1. Openness: A good campaign management platform should be publisher agnostic. The online advertising marketplace is incredibly fragmented. You should be able to manage all publishers from a single point of connection. Think about it: wouldn't it be nice to come in to your office every morning, log-in to one system and manage all of your campaigns?

2. Transparency: You should be able to pick individual publishers based on campaign goals and target demographics. You should also be able to view reporting by publisher and optimize campaign by placements.

3. Automation: Human interaction is a wonderful thing, but the ideal campaign management system should automate every step of campaign set up and management:

a. Price Negotiation: Exchange bids with publishers through the system

b. Create/upload creative: Deploy creative assets to relevant publisher placements.

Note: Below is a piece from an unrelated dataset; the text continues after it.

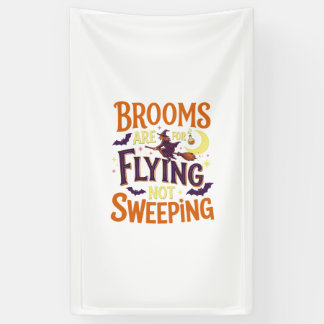Bezem Vliegend Bezig Halloween Heks Maan Vleermuiz Spandoek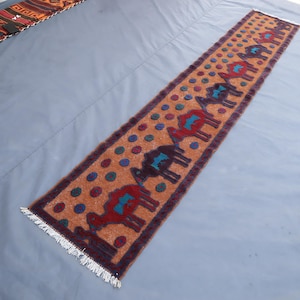 2x9 Beige Red Pictorial Rug- Authentic Animal Patterned Art Pictorial Rug-Afghan Nomadic Art Handmade Hunting scene Rug 10x2 Boho Home decor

c. Test creative: View screenshots of the campaign, request changes if needed and push the campaign live.

d. Turn Campaigns on and off: Shut off poorly performing campaigns with a single click. Allocate money towards better performing placements.

4. Ability to integrate with other systems: You should be able to send consumer information real-time to your email services provider, CRM vendor or call-center for follow-up marketing in real-time. This is especially important in a bad economy, where businesses are under more pressure to deliver tangible results from their marketing campaigns.

Any ad management platform that fulfills these criteria will truly enable advertisers to automate humdrum tasks, and enable them to focus on delivering value to their clients and businesses.

And that would indeed be a great development for our industry, recession, or no recession.